Some courts have held, improperly, that even government misadvice concerning the deportation consequences of a plea does not justify vacating the conviction.[363]  These decisions are inconsistent with a host of authority.  See § 6.17, supra.[364]

 

The court is not required to advise defendants regarding collateral consequences that do not automatically flow from the conviction.  Thus, the court need not explain the availability of good time or work-time credits as a direct consequence of plea.[365]


[356] Bunnell v. Superior Court, 13 Cal.3d 592, 605, 119 Cal.Rptr. 302, 310 (1975); In re Yurko, 10 Cal.3d 857 (1974).

[357] People v. McMillion, 2 Cal.App.4th 1363 (1992).  This showing of prejudice requires evidence that defendant would not have entered the plea if s/he had been informed of the consequences that were omitted.  In re Ronald E., 19 Cal.3d 315, 137 Cal.Rptr. 781 (1977).  In the immigration context, this might include statements that the defendant would not have entered a guilty plea, or would instead have sought a non-deportable result, a sentence of less than one year, or a plea to an alternative offense that does not exhibit moral turpitude, and the like.  See California Criminal Law and Immigration, § 8.28.

[358] Hart v. Marion Correc. Instn., 927 F.3d 256 (6th Cir. 1991), cert. denied, 502 U.S. 816 (1991) (conditional habeas relief available where defendant was incorrectly informed by trial judge and counsel as to the maximum period of incarceration); Marvel v. United States, 380 U.S. 262 (1965); United States v. Roberts, 5 F.3d 365 (9th Cir. 1993); Chapin v. United States, 341 F.2d 900 (10th Cir. 1965); cf. Lane v. Williams, 455 U.S. 624, 630 and n.9 (1982) (reserving the question whether and under what circumstances a failure to inform a defendant of a mandatory parole term will invalidate a guilty plea); Hill v. Lockhart, 106 S.Ct. 366, 369 (1985) (dictum that failure to inform a defendant that his or her eligibility for parole is restricted because of a prior conviction would not invalidate a guilty plea); In re Birch, 10 Cal.3d 314 (1973).

[359] People v. Caban, 148 Cal.App.3d 706 (1983).

[360] In re Moser, 4 Cal.4th 342 (1993).

[361] The requirement that certain controlled substances offenders must register under California Health and Safety Code § 11590 must be disclosed to the defendant, prior to entry of the plea.  People v. Cotton, 230 Cal.App.3d 1072, 284 Cal.Rptr. 757 (1991).
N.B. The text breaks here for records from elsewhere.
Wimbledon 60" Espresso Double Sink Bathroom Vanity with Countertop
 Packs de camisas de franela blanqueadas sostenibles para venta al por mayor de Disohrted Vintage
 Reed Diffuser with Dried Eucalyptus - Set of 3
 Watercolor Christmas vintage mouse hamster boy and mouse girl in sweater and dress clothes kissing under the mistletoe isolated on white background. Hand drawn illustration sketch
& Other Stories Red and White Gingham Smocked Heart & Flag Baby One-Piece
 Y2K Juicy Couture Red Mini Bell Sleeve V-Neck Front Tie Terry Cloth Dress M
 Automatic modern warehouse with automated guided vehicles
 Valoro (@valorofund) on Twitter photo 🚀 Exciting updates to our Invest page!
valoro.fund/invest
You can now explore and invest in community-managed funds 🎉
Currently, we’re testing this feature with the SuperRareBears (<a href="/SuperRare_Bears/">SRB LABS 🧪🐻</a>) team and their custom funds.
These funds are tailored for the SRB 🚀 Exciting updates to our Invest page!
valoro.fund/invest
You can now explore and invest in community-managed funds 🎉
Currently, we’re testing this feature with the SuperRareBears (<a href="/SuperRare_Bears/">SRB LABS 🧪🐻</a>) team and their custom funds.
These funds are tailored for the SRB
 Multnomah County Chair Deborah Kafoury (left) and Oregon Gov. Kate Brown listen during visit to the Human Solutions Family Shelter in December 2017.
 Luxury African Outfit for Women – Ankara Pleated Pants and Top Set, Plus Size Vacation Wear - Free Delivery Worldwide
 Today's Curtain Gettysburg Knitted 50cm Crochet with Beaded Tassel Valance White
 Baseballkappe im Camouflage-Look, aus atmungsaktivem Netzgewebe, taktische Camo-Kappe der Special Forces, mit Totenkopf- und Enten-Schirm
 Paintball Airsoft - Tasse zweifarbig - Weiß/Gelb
[362] United States v. Benitez, 310 F.3d 1221 (9th Cir. November 25, 2002) (conviction reversed where district court failed to inform defendant he could not withdraw guilty plea if court did not accept sentencing recommendation set forth in plea agreement, in violation of Fed. R. Crim. P. 11(e)(2)).

[363] El-Nobani v. United States, 287 F.3d 415 (6th Cir. April 4, 2002) (misrepresentation by government regarding deportation consequences prior to plea does not justify habeas claim when plea not first challenged on direct review as deportation is collateral consequence to plea; arguments that IIRAIRA makes deportation mandatory, and thus not collateral, rejected since INS has prosecutorial discretion to bring case, and deportation is beyond control and responsibility of  district court).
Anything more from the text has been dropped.